### Collected data entries
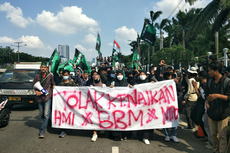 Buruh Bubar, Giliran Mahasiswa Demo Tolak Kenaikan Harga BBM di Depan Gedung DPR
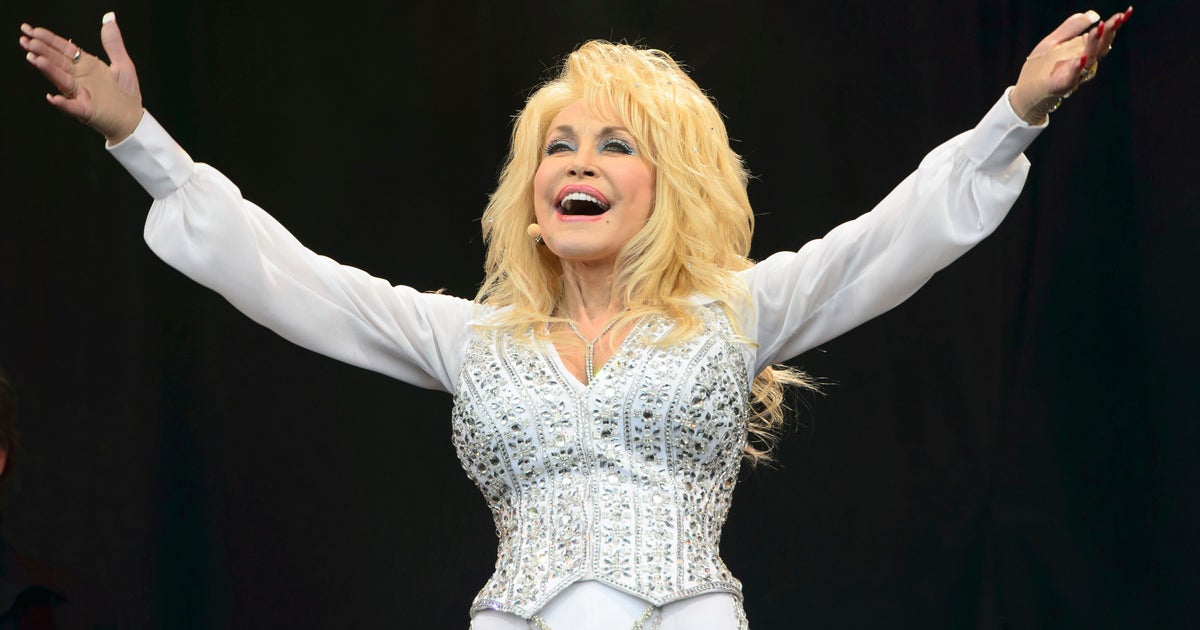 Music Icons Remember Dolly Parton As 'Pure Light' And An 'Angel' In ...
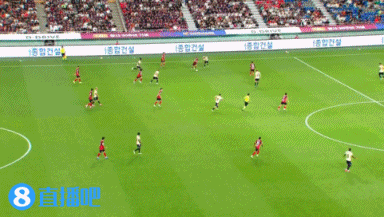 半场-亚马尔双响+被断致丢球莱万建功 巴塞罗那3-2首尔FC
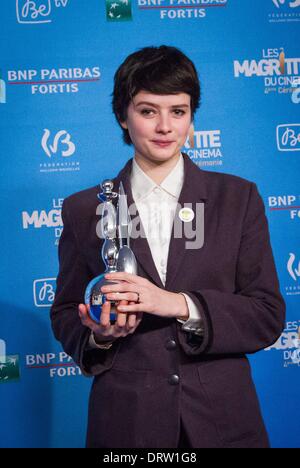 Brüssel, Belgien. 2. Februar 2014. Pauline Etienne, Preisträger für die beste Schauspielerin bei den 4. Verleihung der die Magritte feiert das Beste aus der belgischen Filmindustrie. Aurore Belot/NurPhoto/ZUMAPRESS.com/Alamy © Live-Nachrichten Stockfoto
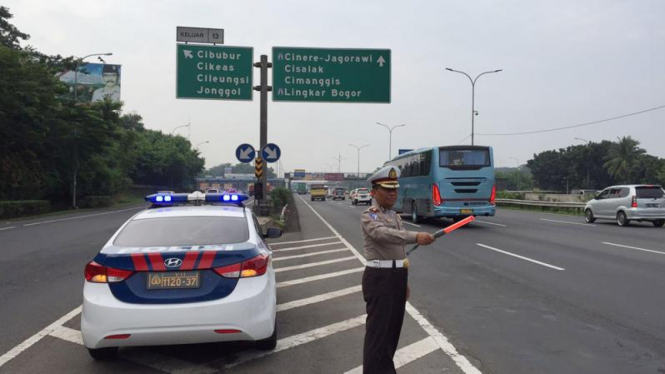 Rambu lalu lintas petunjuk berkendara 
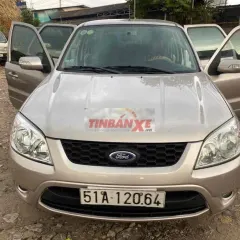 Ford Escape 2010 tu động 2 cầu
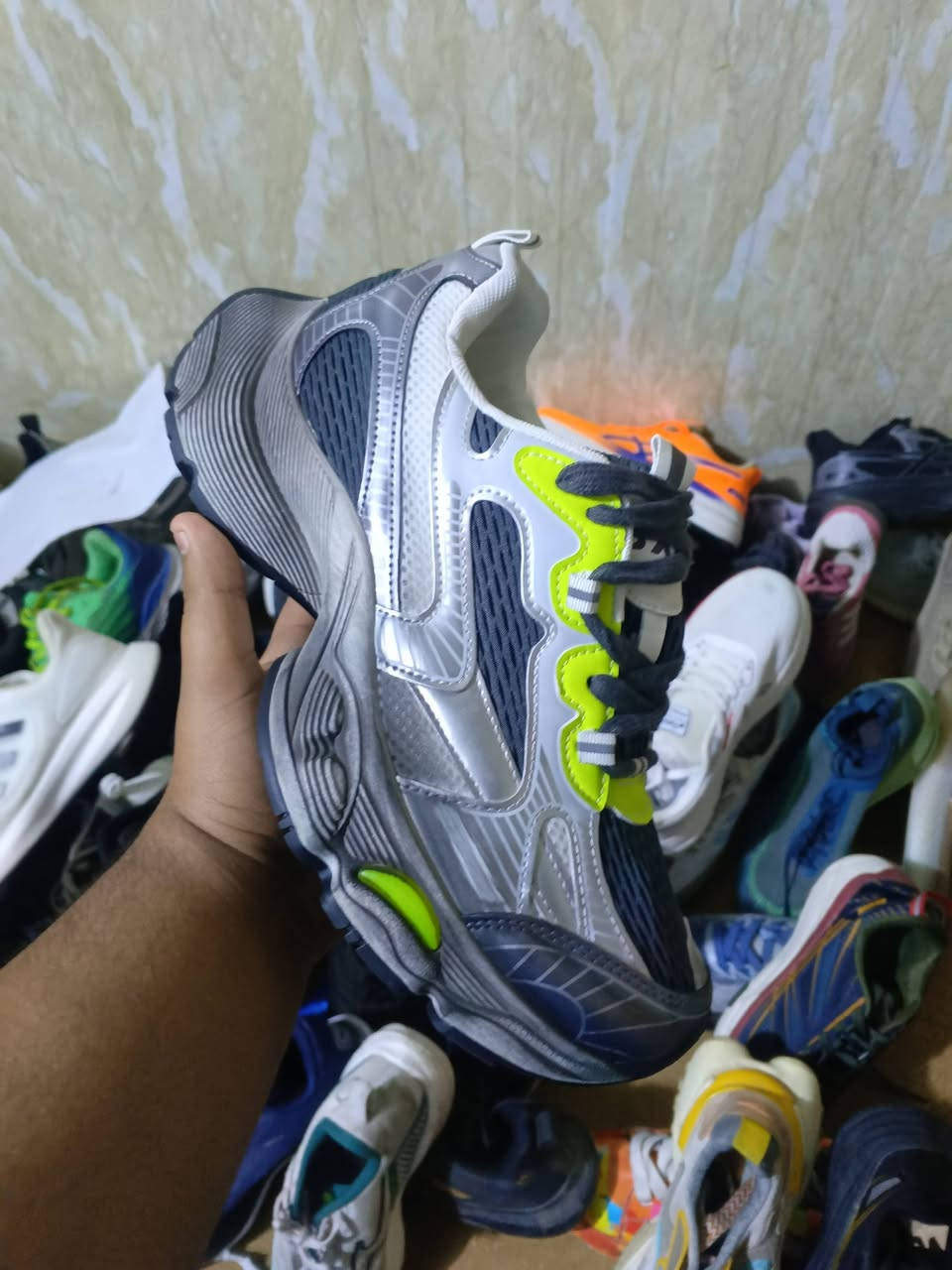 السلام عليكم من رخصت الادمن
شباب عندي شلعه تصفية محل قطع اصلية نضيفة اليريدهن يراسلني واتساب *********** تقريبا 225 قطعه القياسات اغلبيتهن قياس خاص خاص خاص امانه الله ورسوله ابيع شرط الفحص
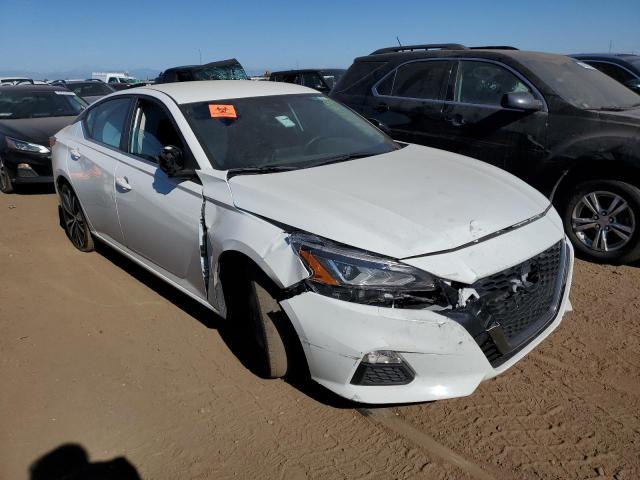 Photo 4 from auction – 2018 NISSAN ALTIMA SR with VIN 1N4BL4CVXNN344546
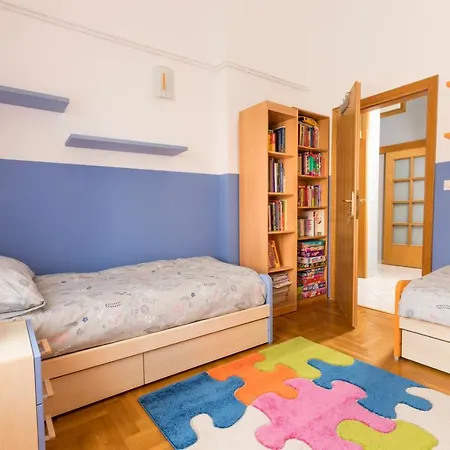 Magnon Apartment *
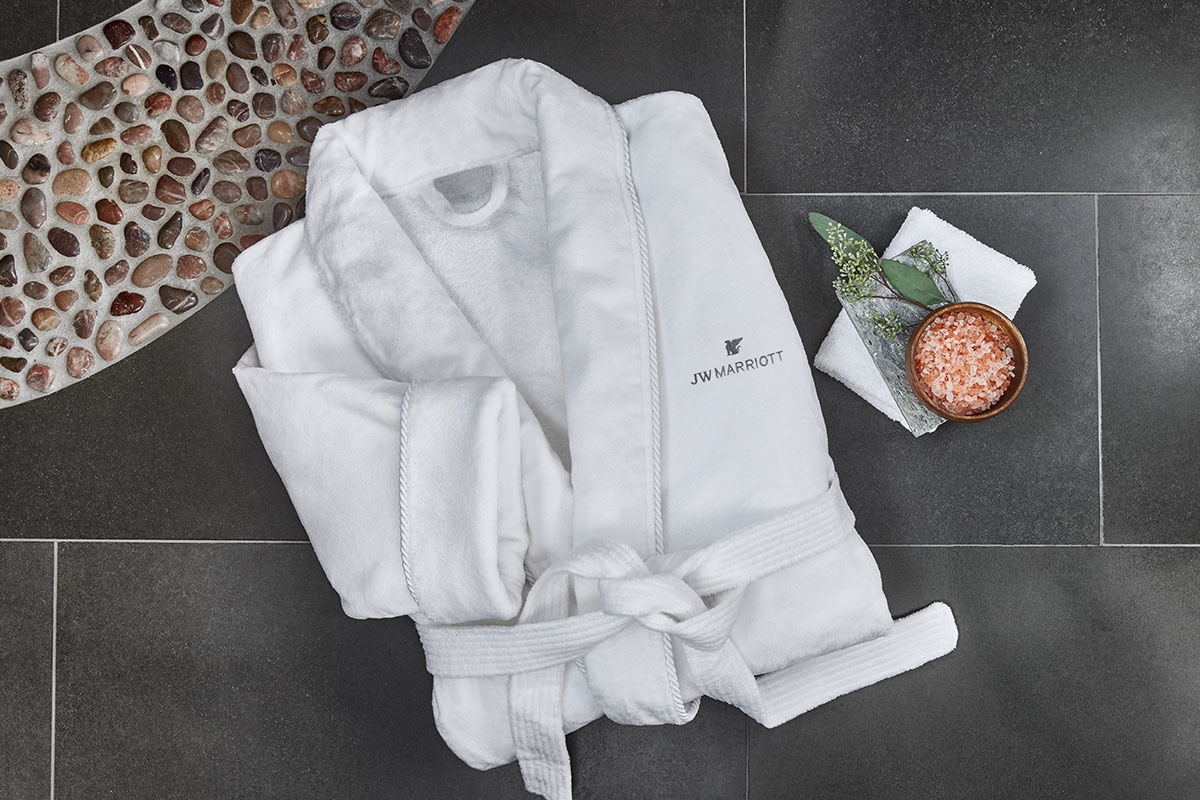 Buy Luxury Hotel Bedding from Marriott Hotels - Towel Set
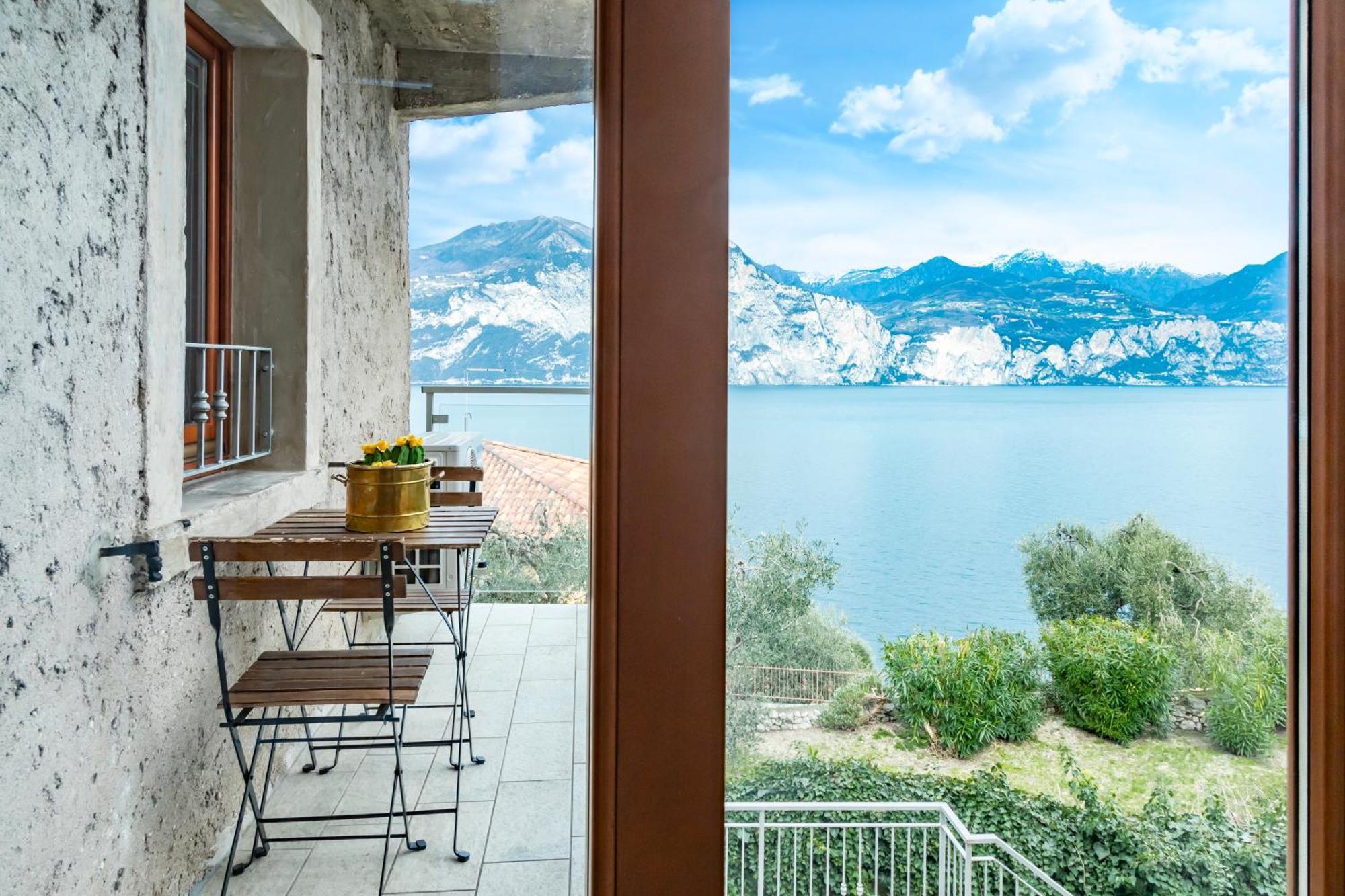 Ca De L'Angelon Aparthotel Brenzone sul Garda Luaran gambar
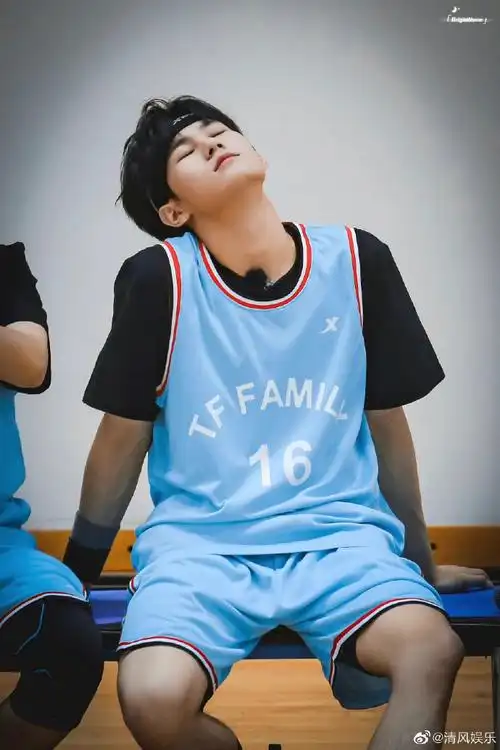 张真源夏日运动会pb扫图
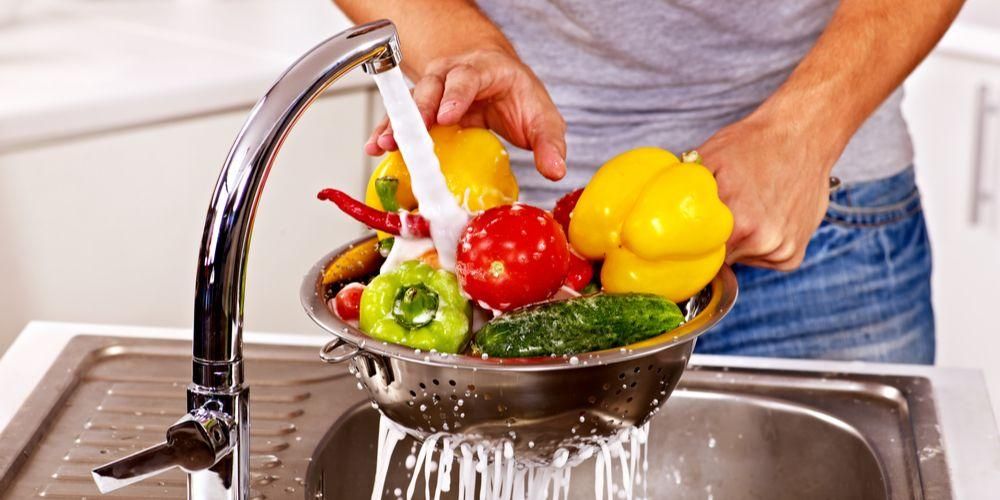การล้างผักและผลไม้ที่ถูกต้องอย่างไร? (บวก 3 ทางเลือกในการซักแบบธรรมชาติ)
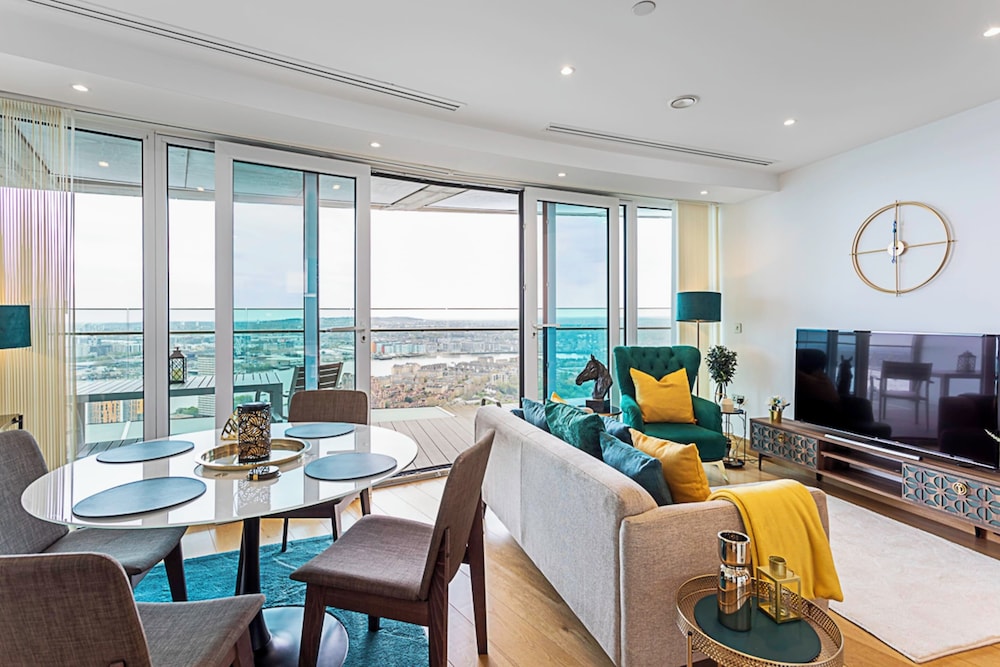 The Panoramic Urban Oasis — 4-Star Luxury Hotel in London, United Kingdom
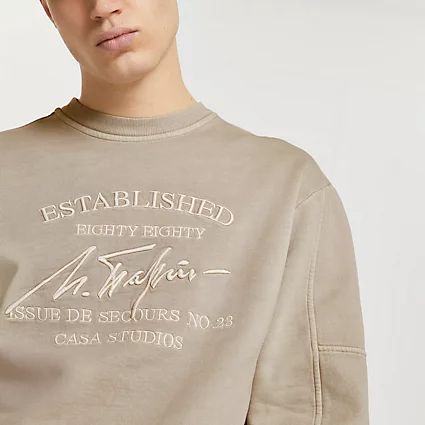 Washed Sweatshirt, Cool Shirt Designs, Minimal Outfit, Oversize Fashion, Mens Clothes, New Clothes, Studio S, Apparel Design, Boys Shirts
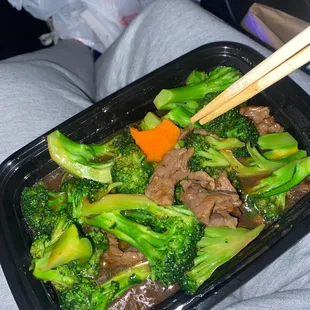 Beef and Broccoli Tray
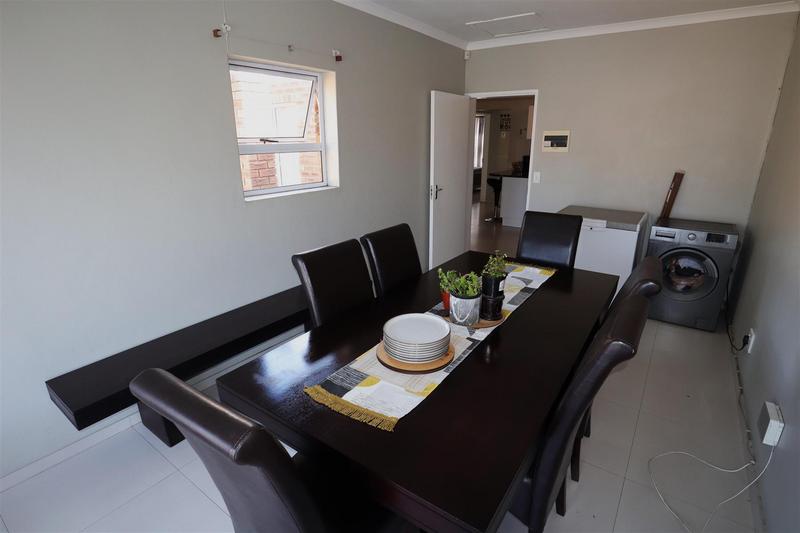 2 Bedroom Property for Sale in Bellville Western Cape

### Exercise prompt
Once the pictures are dropped, repeat the data above exactly.

### Reply
 Buruh Bubar, Giliran Mahasiswa Demo Tolak Kenaikan Harga BBM di Depan Gedung DPR
 Music Icons Remember Dolly Parton As 'Pure Light' And An 'Angel' In ...
 半场-亚马尔双响+被断致丢球莱万建功 巴塞罗那3-2首尔FC
 Brüssel, Belgien. 2. Februar 2014. Pauline Etienne, Preisträger für die beste Schauspielerin bei den 4. Verleihung der die Magritte feiert das Beste aus der belgischen Filmindustrie. Aurore Belot/NurPhoto/ZUMAPRESS.com/Alamy © Live-Nachrichten Stockfoto
 Rambu lalu lintas petunjuk berkendara 
 Ford Escape 2010 tu động 2 cầu
 السلام عليكم من رخصت الادمن
شباب عندي شلعه تصفية محل قطع اصلية نضيفة اليريدهن يراسلني واتساب *********** تقريبا 225 قطعه القياسات اغلبيتهن قياس خاص خاص خاص امانه الله ورسوله ابيع شرط الفحص
 Photo 4 from auction – 2018 NISSAN ALTIMA SR with VIN 1N4BL4CVXNN344546
 Magnon Apartment *
 Buy Luxury Hotel Bedding from Marriott Hotels - Towel Set
 Ca De L'Angelon Aparthotel Brenzone sul Garda Luaran gambar
 张真源夏日运动会pb扫图
การล้างผักและผลไม้ที่ถูกต้องอย่างไร? (บวก 3 ทางเลือกในการซักแบบธรรมชาติ)
 The Panoramic Urban Oasis — 4-Star Luxury Hotel in London, United Kingdom
 Washed Sweatshirt, Cool Shirt Designs, Minimal Outfit, Oversize Fashion, Mens Clothes, New Clothes, Studio S, Apparel Design, Boys Shirts
 Beef and Broccoli Tray
 2 Bedroom Property for Sale in Bellville Western Cape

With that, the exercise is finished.